John Francis William Rogers (born April 15, 1956) is an American businessman, serving as Executive Vice President, Chief of Staff and Secretary to the Board of Goldman Sachs.

Early life
Rogers was born in Seneca Falls, New York on April 15, 1956 where his father owned a wholesale frozen foods business and his mother was a dental hygienist.  He is a graduate of the George Washington University.

Career
Rogers has held numerous posts in U.S. government including research assistant for President Gerald Ford's director of communications David Gergen, assistant to President Ronald Reagan (at twenty-seven, the youngest person to receive that responsibility), and when Reagan's chief of staff James Baker became Secretary of the Treasury, he took Rogers with him to the Treasury where Rogers was the Assistant Secretary of the Treasury from 1985 to 1987.  From 1991 to 1993, during George H. W. Bush's administration, he served as Under Secretary of State for Management. 
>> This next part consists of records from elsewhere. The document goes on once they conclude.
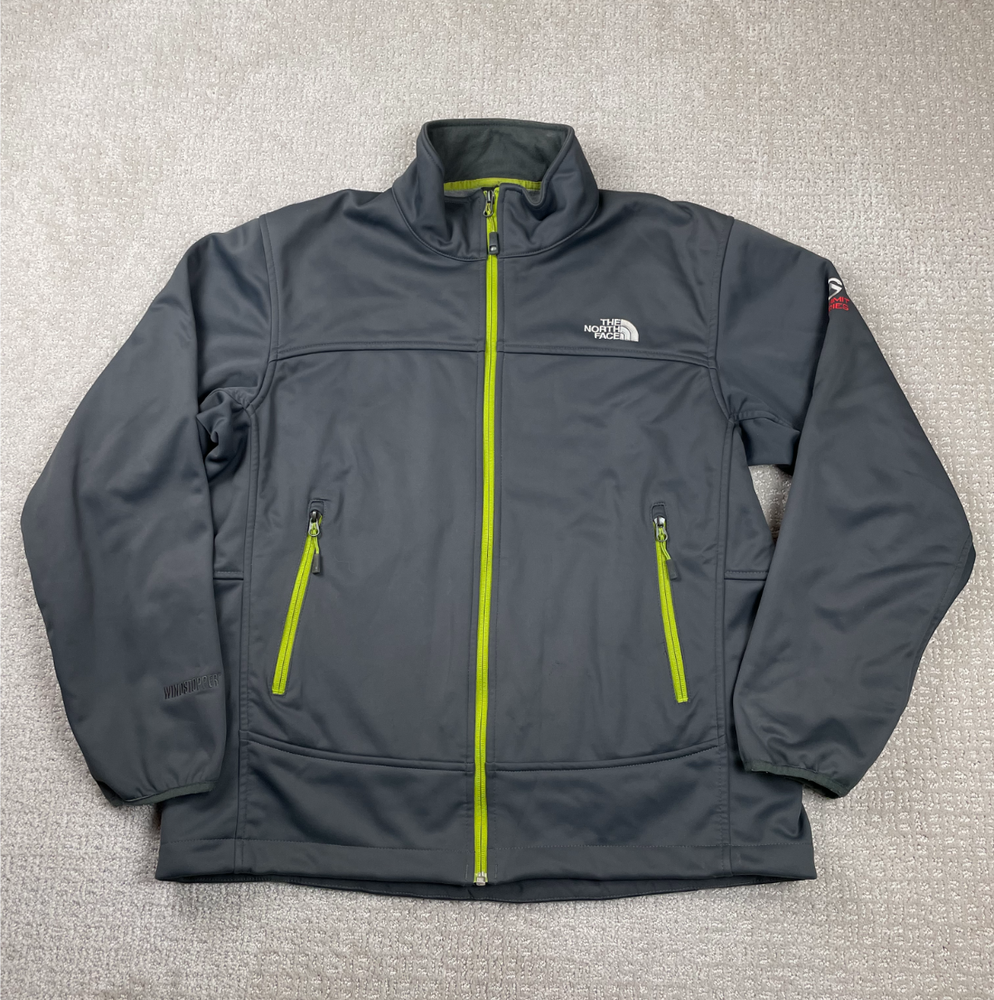 The North Face Jacket Mens L Gray Summit Series Windstopper Softshell Full Zip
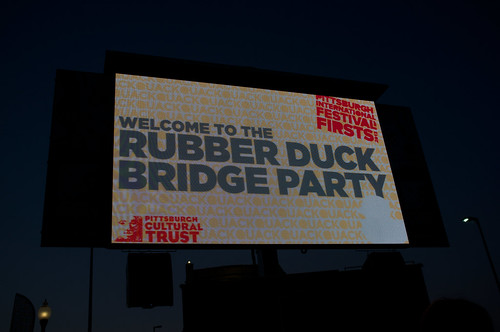 Rubber Duck Bridge Party.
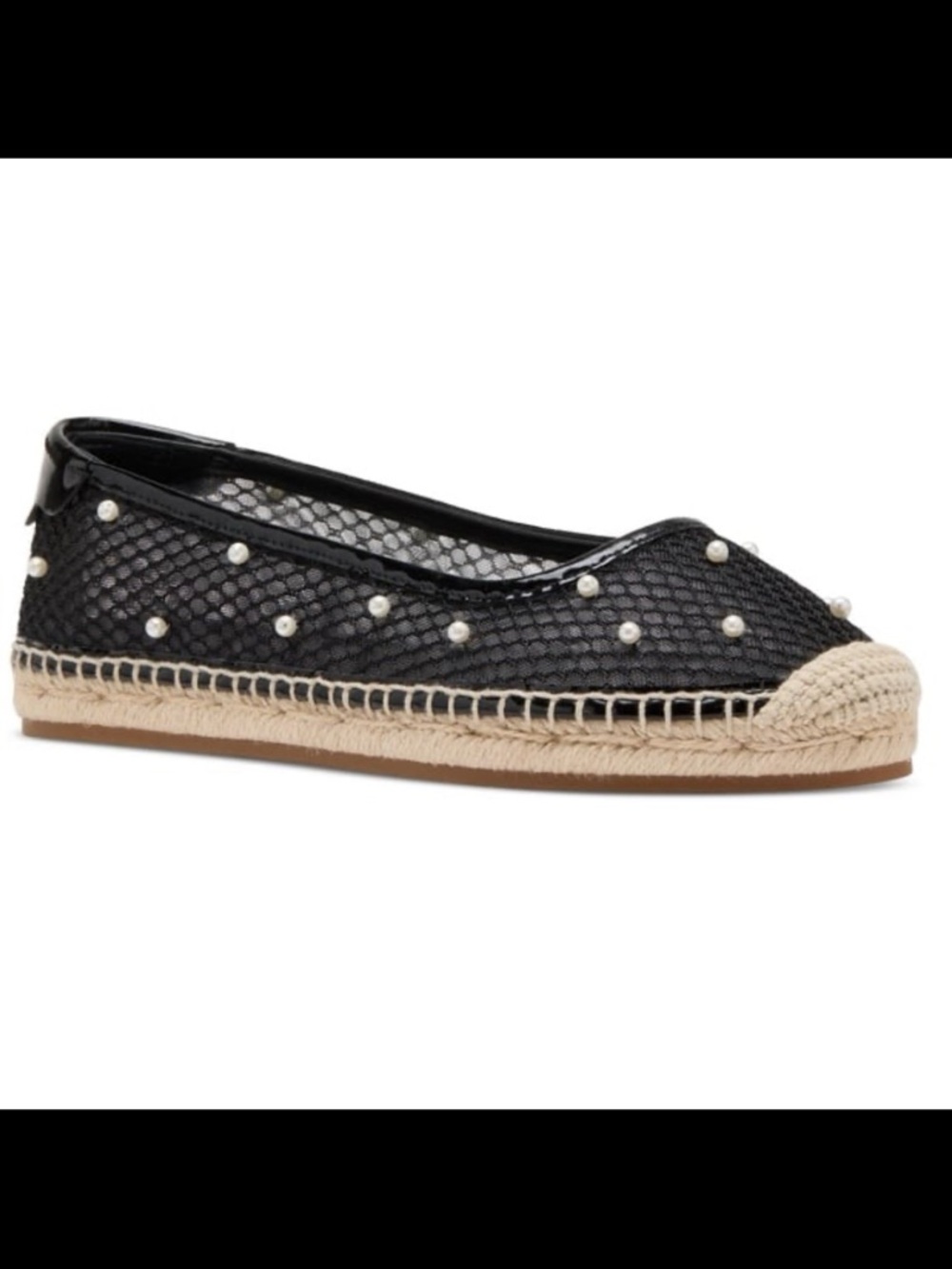 NWB Kate spade NY women’s pearl fishnet espadrille flat size 9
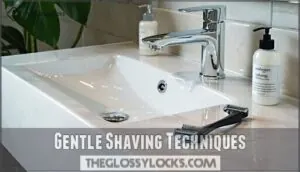 gentle shaving techniques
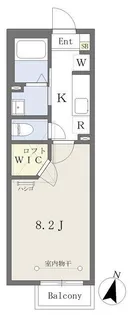 ライズアップB【2階】の間取り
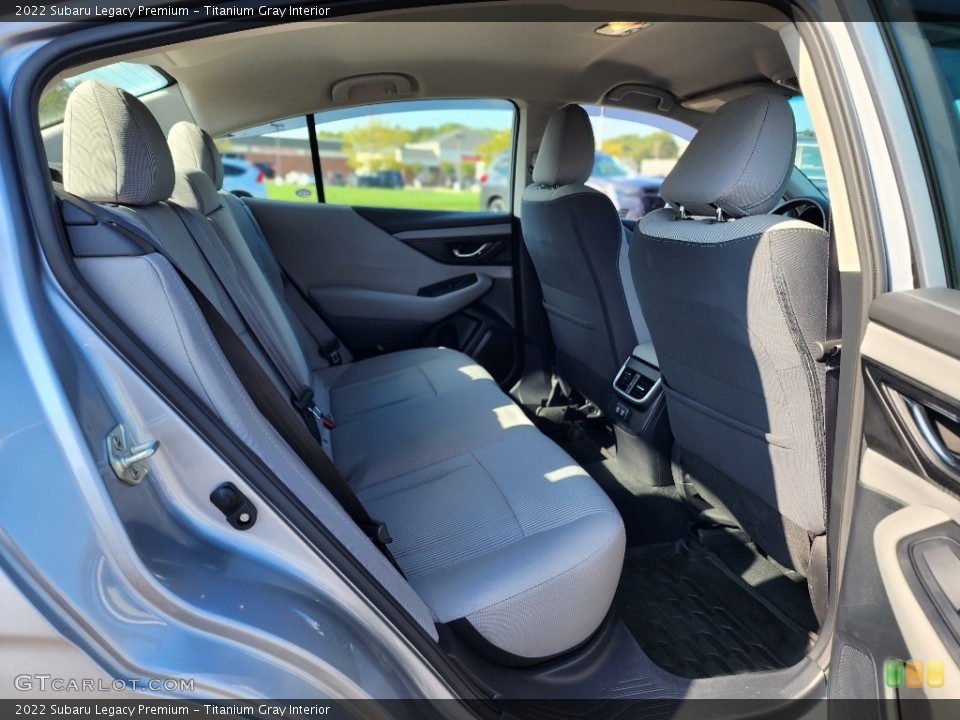 Titanium Gray Interior Rear Seat for the 2022 Subaru Legacy Premium #146610130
In 1994, Rogers joined Goldman Sachs in the Fixed Income Division and eventually became the chief of staff to CEOs Jon S. Corzine, Henry Paulson, Lloyd Blankfein, and David M. Solomon. He was made a partner in 2000, and "has no revenue-generating responsibilities and strives to have virtually no public profile." He is said to have been United States Treasury Secretary Paulson's closest advisor while at Goldman, as well as a member of United States Secretary of State James Baker's inner circle.

In 2011, CEO Lloyd Blankfein named Rogers one of the eleven executives of the firm. As of 2019, he was executive vice president, chief of staff and secretary to the board of directors at Goldman as well as serving as chairman of the board of directors of the Atlantic Council, the American Atlanticist international affairs think tank. Rogers is a life trustee and the treasurer of the Ronald Reagan Presidential Library. He also serves as Vice Chairman of the Board of the White House Historical Association, and Vice Chairman of the Board of the American Academy in Rome. In September 2019, Rogers was one of the US financial community representatives invited to the White House state dinner for Prime Minister of Australia Scott Morrison. In November 2019, he assisted 2020 Democratic Party presidential candidates to show that American small business was on their agenda.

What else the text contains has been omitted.